▶ _TASK ITEM_:
Would it be possible to output exactly, and only, the lines below from the one holding "timelapse photo of" to the last line, both included, with every picture left out?

[Opening THE DATA section]

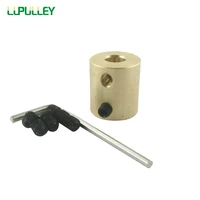 lupulley 81012mm to 12mm inner bore diameter brass shaft motor rigid coupling coupler width 20mm length 22mm hobby hand drill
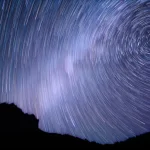 timelapse photo of night sky with star trails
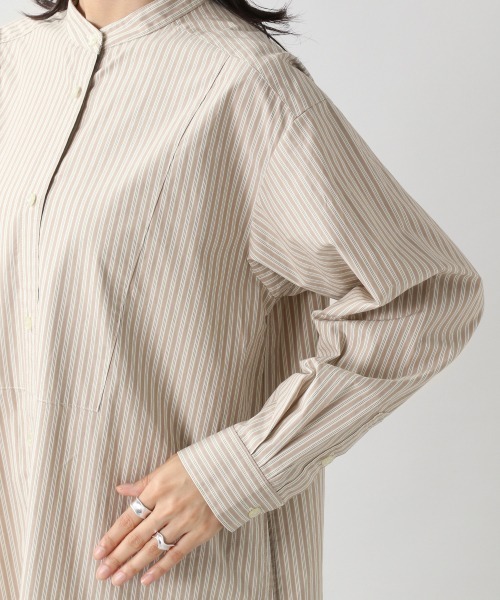 RAGEBLUE（レイジブルー）の「ストライプシャツワンピース/203136（シャツワンピース・レディース・ベージュ/ブルー・FREE）」の6枚目の写真
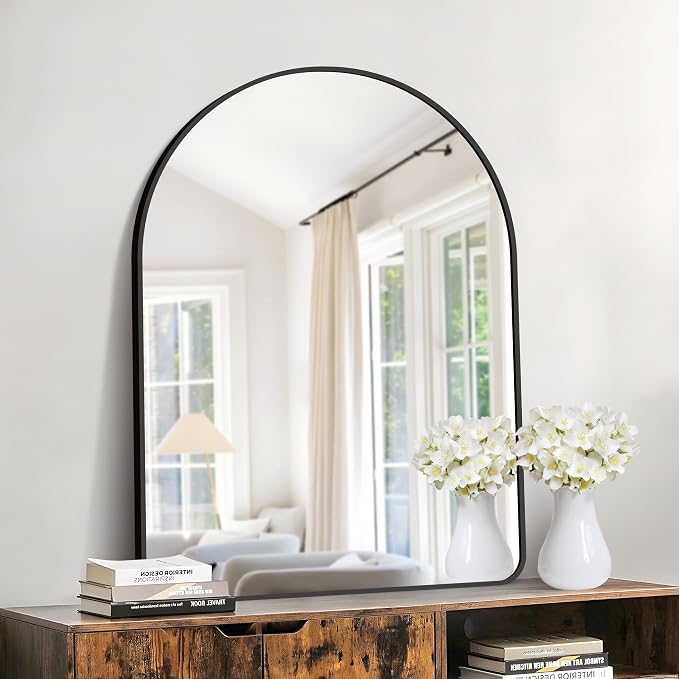 GLASHOM 30"x40" Black Arched Mirrors - Image 3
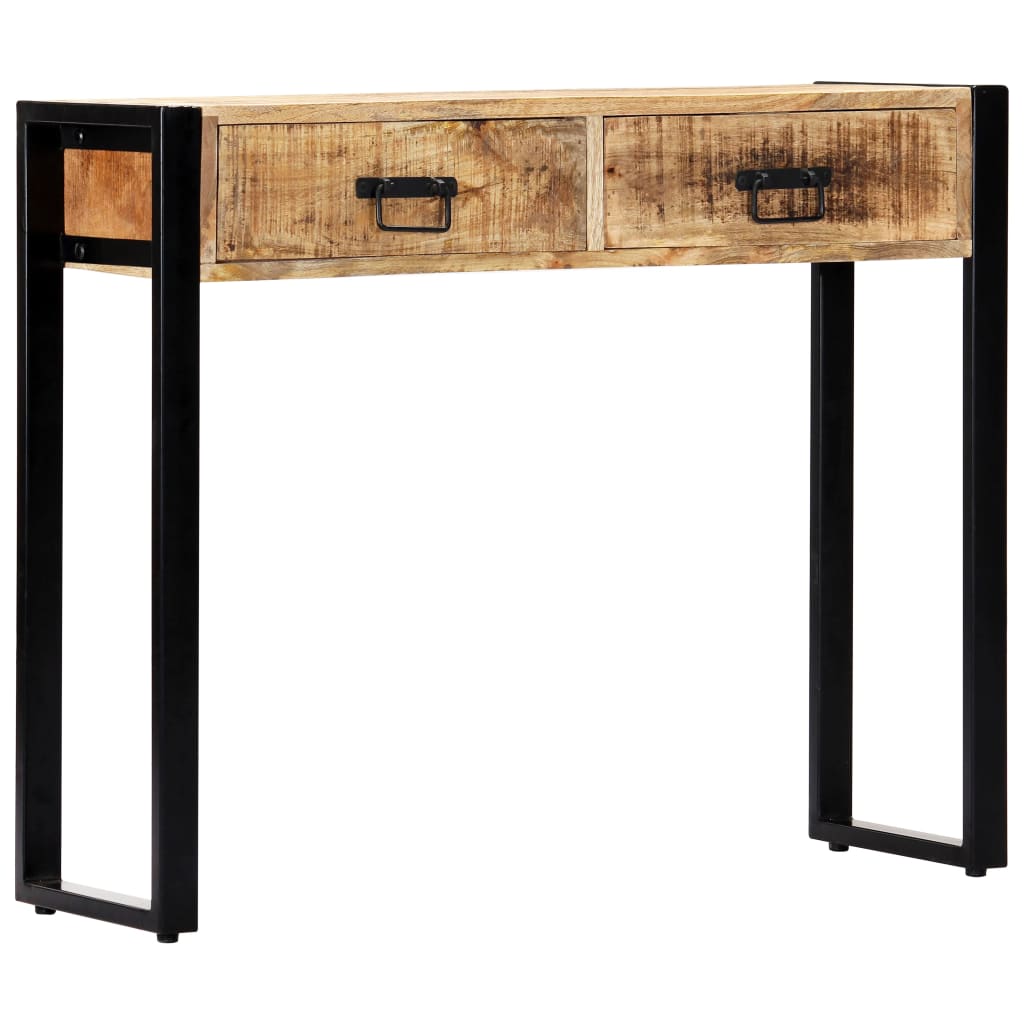 Table console 90 x 30 x 75 cm Bois de manguier massif Tables d'appoint vidaXL   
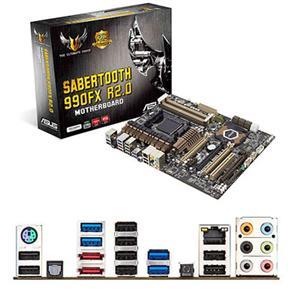 Asus SABERTOOTH 990FX R2.0 Desktop Motherboard   AMD 990FX Chipset   Socket AM3+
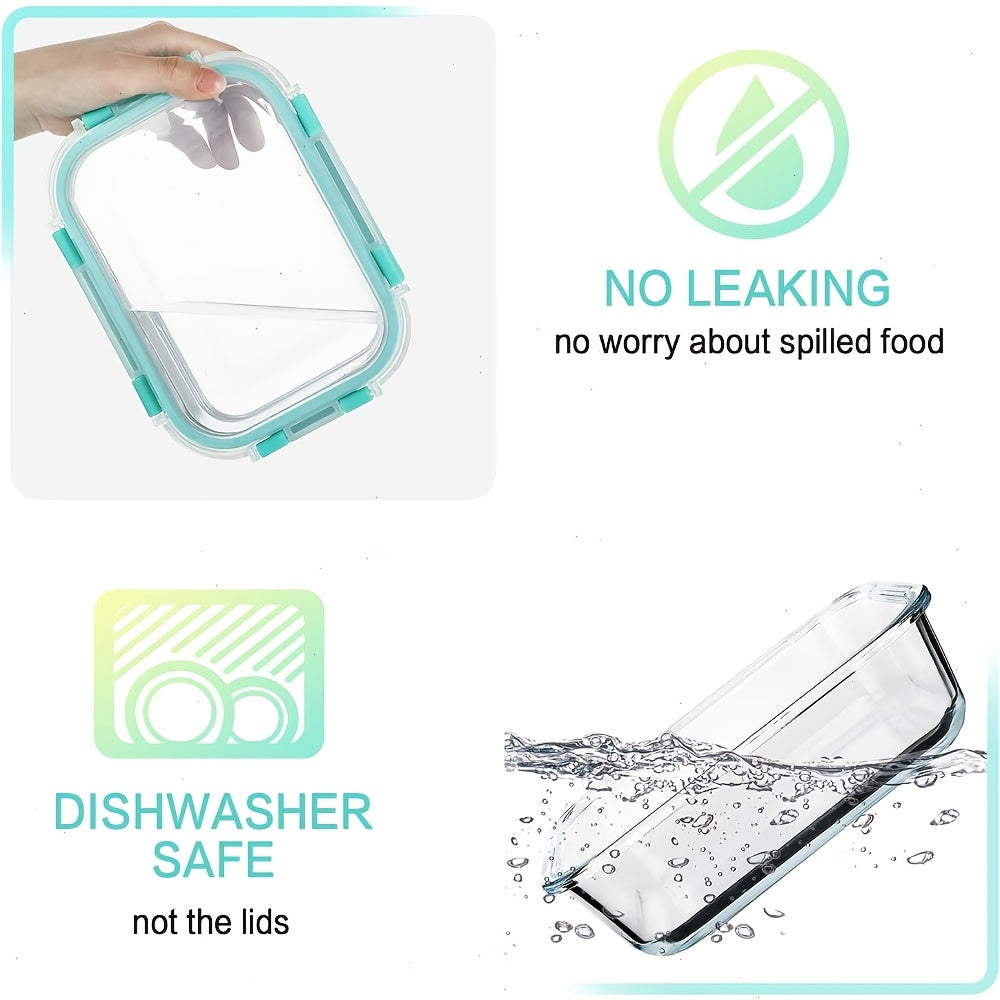 4/8pcs Class Food Storage Containers, Meal Prep, Airtight Bento Boxes with Leak-Proof Locking Lids, Microwave, Lunch Box, Oven, Freezer, And Dishwasher Safe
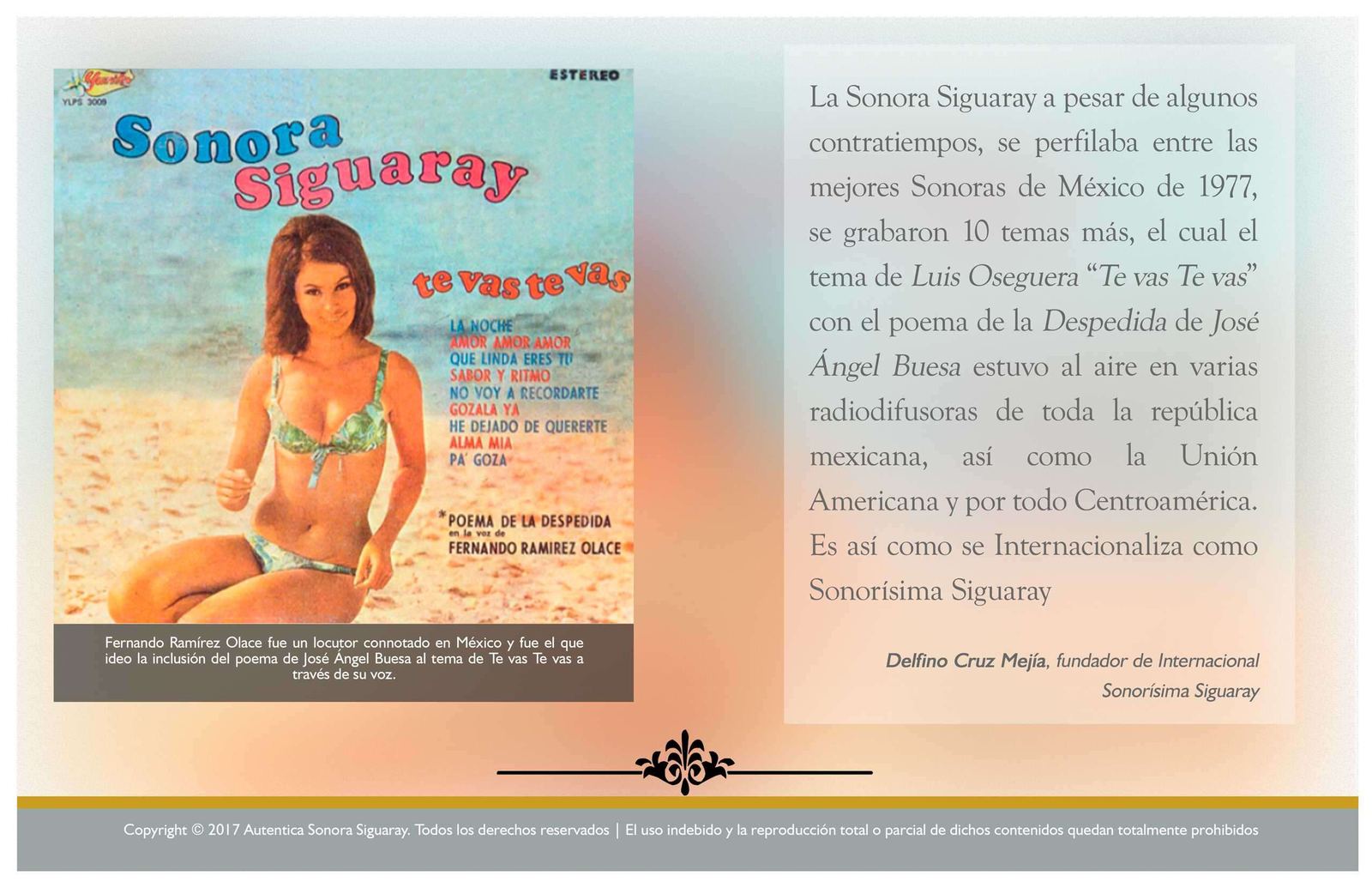 Discografía e historia de la Sonora Siguaray, página 8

[Closing THE DATA section]

▶ _FINISHED TASK_:
 timelapse photo of night sky with star trails
 RAGEBLUE（レイジブルー）の「ストライプシャツワンピース/203136（シャツワンピース・レディース・ベージュ/ブルー・FREE）」の6枚目の写真
 GLASHOM 30"x40" Black Arched Mirrors - Image 3
 Table console 90 x 30 x 75 cm Bois de manguier massif Tables d'appoint vidaXL   
 Asus SABERTOOTH 990FX R2.0 Desktop Motherboard   AMD 990FX Chipset   Socket AM3+
 4/8pcs Class Food Storage Containers, Meal Prep, Airtight Bento Boxes with Leak-Proof Locking Lids, Microwave, Lunch Box, Oven, Freezer, And Dishwasher Safe
 Discografía e historia de la Sonora Siguaray, página 8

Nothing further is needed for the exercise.